I forgot to include it. Thanks
 

1. What is the meaning of "Inequality Truth: X1 < X2 & X > 0"?

The statement "Inequality Truth: X1 < X2 & X > 0" means that X1 is less than X2 and X is greater than 0. This is known as a compound inequality, where two inequalities are combined using the "and" symbol (&). In this case, it is stating that X1 is a smaller value than X2 and X is a positive number.

2. Why is "Inequality Truth: X1 < X2 & X > 0" important in scientific research?

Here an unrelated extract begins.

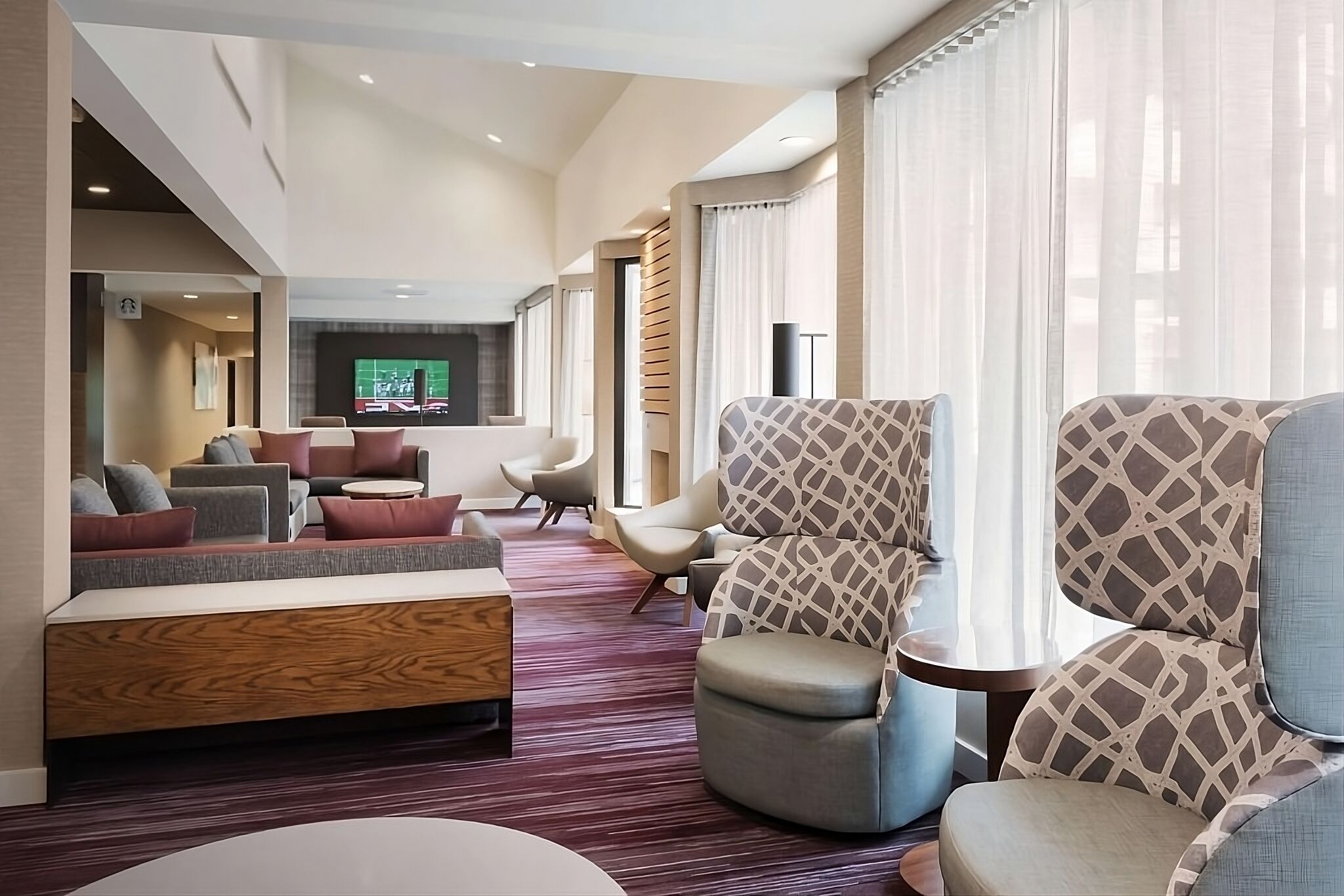 Unwind in the airy lounge with plush seating and soft light.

Compound inequalities like "Inequality Truth: X1 < X2 & X > 0" are important in scientific research because they allow us to compare and analyze different variables. This statement can help us understand the relationship between X1 and X2, as well as the range of values that X can take on. It can also be used to set boundaries or limitations in experiments and studies.

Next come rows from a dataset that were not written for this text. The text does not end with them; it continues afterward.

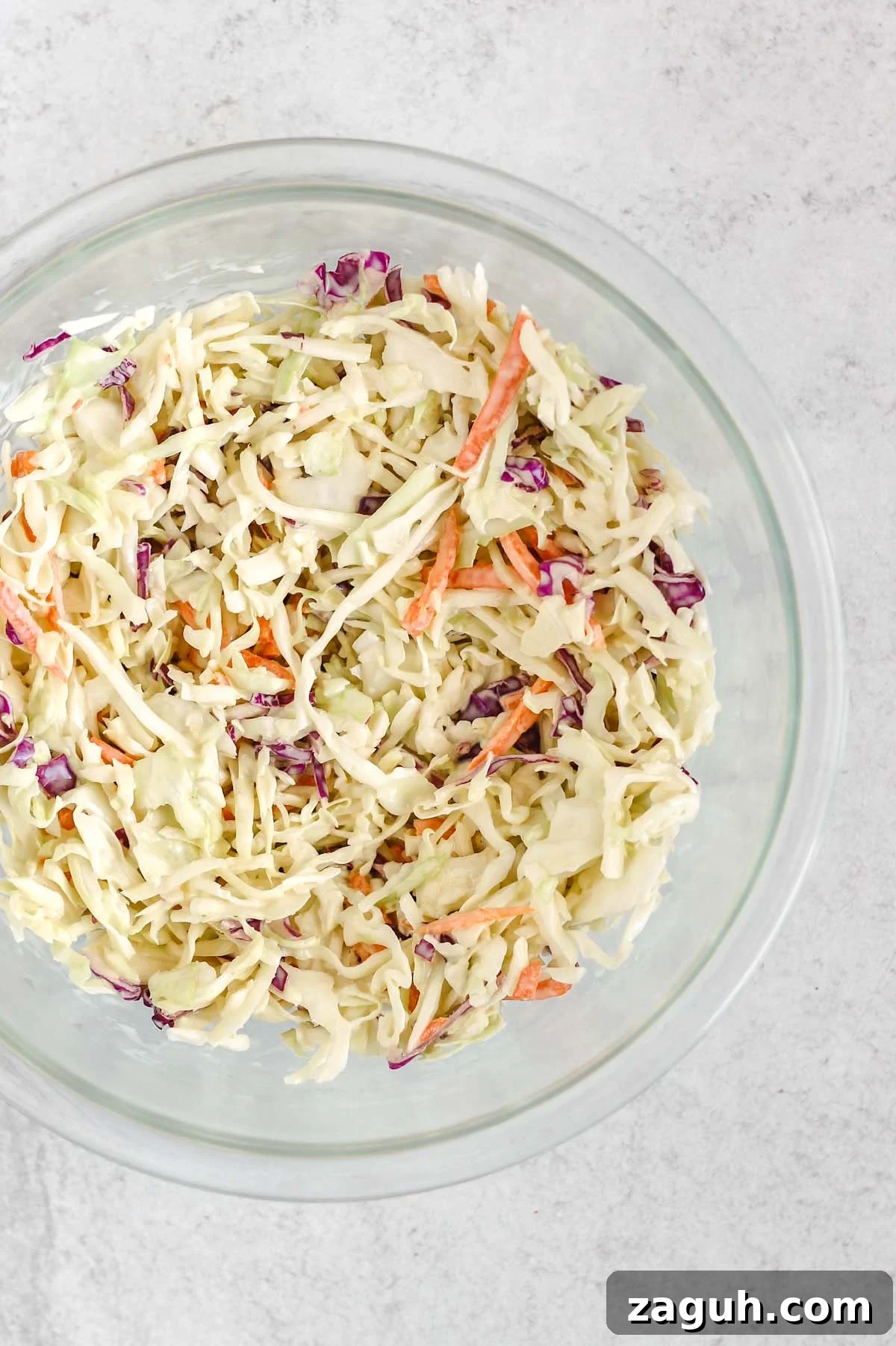 Creamy Paleo & Whole30 Coleslaw Recipe for Simple Sides 6 Coleslaw mixed with dressing in a mixing bowl.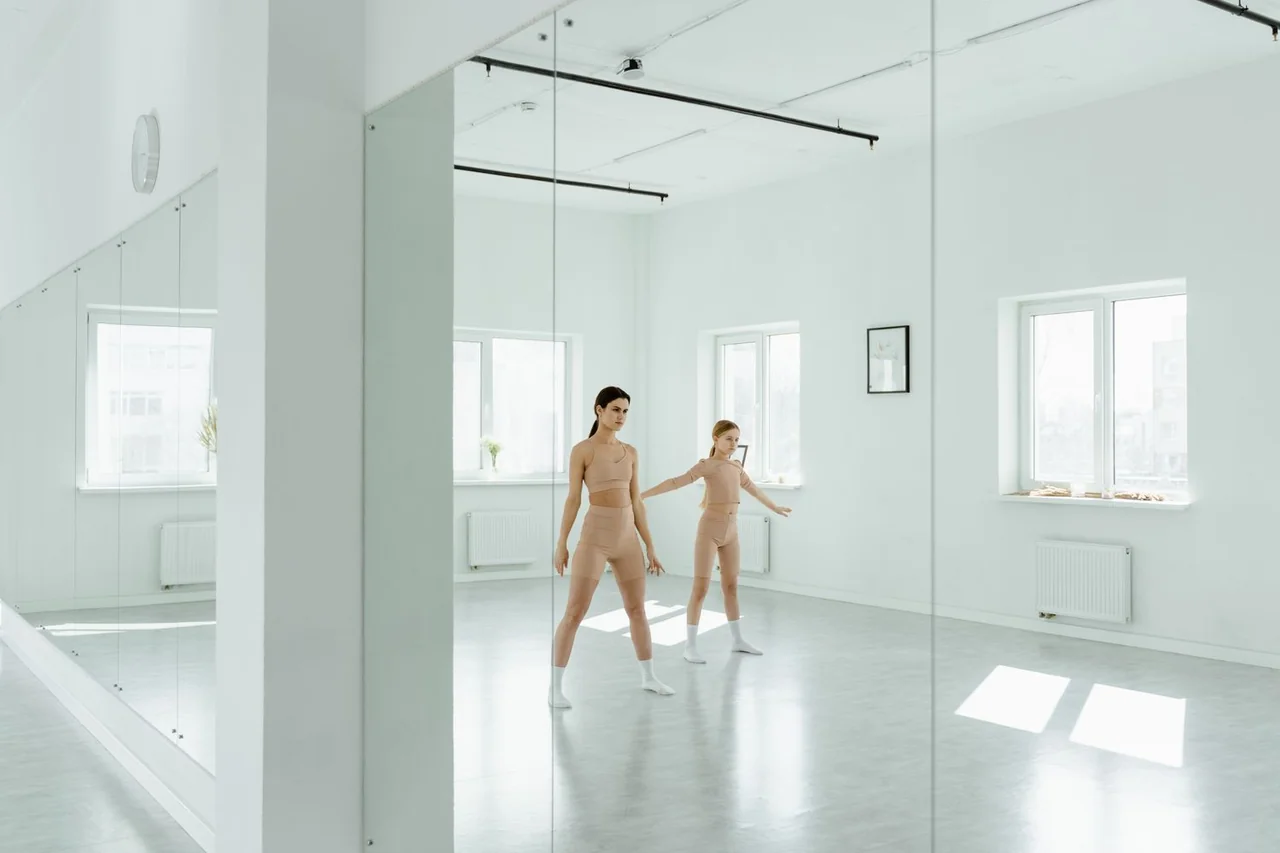 Dancers collaborating in a bright rehearsal studio with mirrored reflections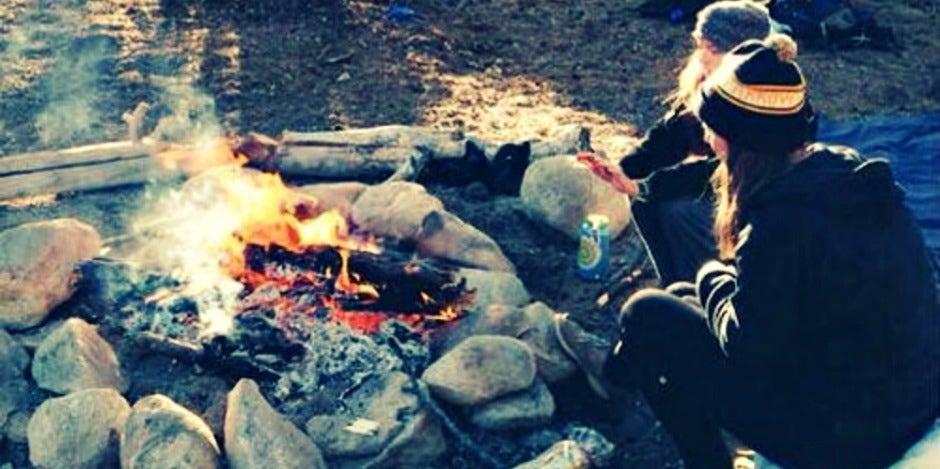couple sitting around campfire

3. How is "Inequality Truth: X1 < X2 & X > 0" used in data analysis?

In data analysis, "Inequality Truth: X1 < X2 & X > 0" can be used to filter and sort data. For example, if we have a data set with two variables, X1 and X2, we can use this statement to only analyze data points where X1 is smaller than X2 and X is greater than 0. This can help us identify patterns and trends in the data.

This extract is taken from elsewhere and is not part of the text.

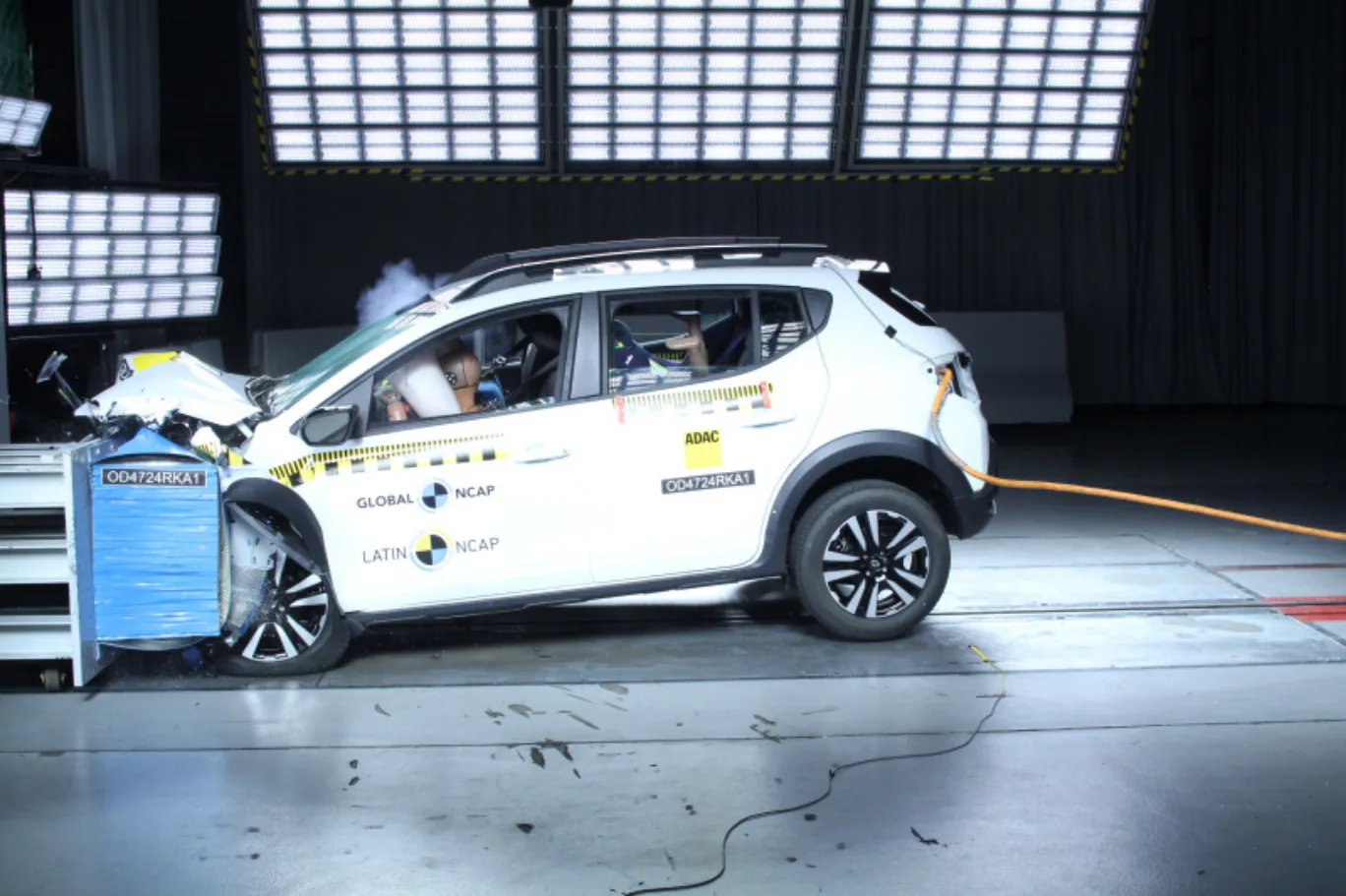 Renault Kardian branco, visto de lado e sofrendo impacto frontal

4. What does it mean when X1 is less than X2?

X1 being less than X2 means that X1 has a smaller numerical value than X2. This is represented by the < symbol in the compound inequality. For example, if X1 = 3 and X2 = 5, then X1 < X2 is true because 3 is less than 5.

5. How can we apply "Inequality Truth: X1 < X2 & X > 0" in real-world scenarios?

Compound inequalities like "Inequality Truth: X1 < X2 & X > 0" can be applied in many real-world scenarios, such as in economics, finance, and social sciences. For example, it can be used to compare the incomes of different groups or to analyze the relationship between two variables in a study. It can also be used to set conditions or requirements in various fields, such as determining eligibility for a loan or scholarship.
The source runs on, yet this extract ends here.